Probiotics, check. Fermented foods, check. Digestive enzymes, check. Ginger tea, check. Optimizing gut health seems easier than ever. Check off this list, and your gut’s golden. Right?
Sometimes we focus on what the latest trending doctor has to say (or product to promote) to forget how simple wellness can be. Keeping our gut health in check is no different. Sure we’ve got the supplements, and sure we’ve removed all the irritating foods, but have we looked at what’s right in front of our faces?! In this article, we’re diving into the top 3 sneaky gut health offenders. And guess what—these are offenders that we can fix quickly and easily.
Inactivity // Lack of Exercise
Our GI tracts love movement. One study found that the more physically fit you are, the more diverse your microbiome is. Another study found that aerobic exercise increased the amount of bacteria in your digestive tract and promoted bacterial diversity.
When we nourish our guts with exercise, it has a trickle-down effect on our brain health. We know the connection between gut and brain health, so adding regular exercise to your routine is beneficial for more than just your microbiome.

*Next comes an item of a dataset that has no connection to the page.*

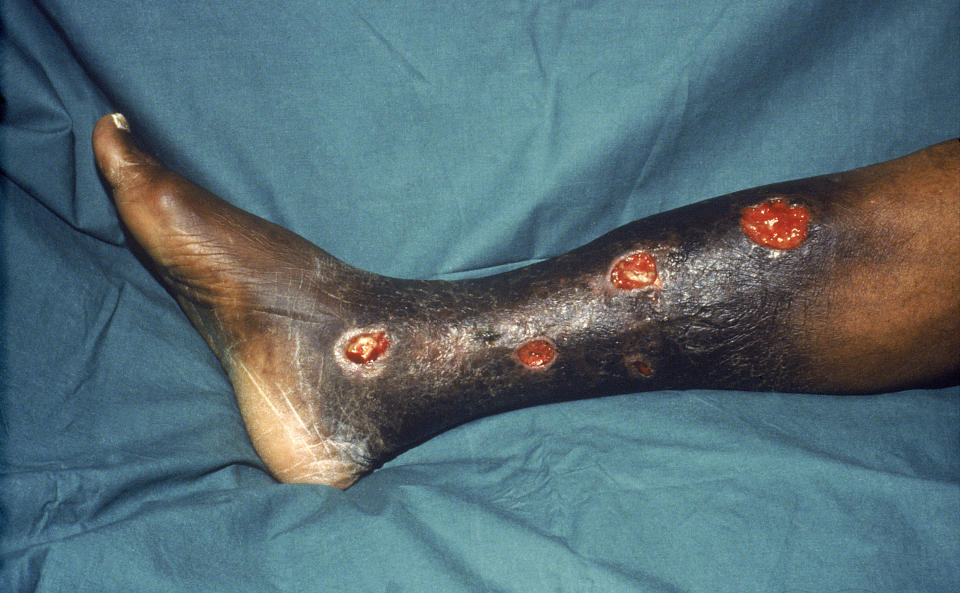 Yaws is a chronic,&nbsp;<a href="http://www.who.int/mediacentre/factsheets/fs316/en/">disfiguring childhood infectious disease</a>.&nbsp;Affecting skin, bone and cartilage, the symptoms show up weeks to months after infection and include yellow lesions and bone swelling. More than 250,000 cases of yaws were reported from 2010 to 2013, WHO told HuffPost.&nbsp;A&nbsp;lack of clean water and soap for bathing contributes to its spread. Only 13 countries are known to still have cases of yaws, including <a href="https://www.ncbi.nlm.nih.gov/pubmed/26001576" target="_blank">Ghana, Papua New Guinea and Solomon Islands</a>.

As far as types of exercise go, it doesn’t really matter. If you’re a pilates girl, great. Prefer HIIT? Perfect. More of a walk around town girl—fabulous. As long as you move every single day, your gut will love you for it.
Now, let’s all repopulate our guts. How are you going to move today?
Vitamin D Deficiency
Just like our brains, our digestive system goes crazy for a little sunshine. Vitamin D plays a critical role in promoting a beneficial gut bacteria. If you lack vitamin D, there’s a good chance your gut health and immune system is struggling. That’s because more than 70 percent of the body’s immune system is located in the gut. And as a potent immunomodulator, vitamin D can improve the health of the gut mucosal lining.
Getting adequate amounts of vitamin D through foods, supplementation, and sunshine means that you’re boosting levels of this much-needed anti-inflammatory to support gut health and immune health.
Overeating // Undereating
Turns out, our gut microbes are picky eaters. According to medical nutrition therapy specialist Carol Ireton-Jones, our gut microbes like a diverse range of nutrients and fiber. If we’re ingesting a significant amount of say….lettuce…and eating way after we’re full, our microbes are missing vitamins, minerals, and nutrients they need to flourish.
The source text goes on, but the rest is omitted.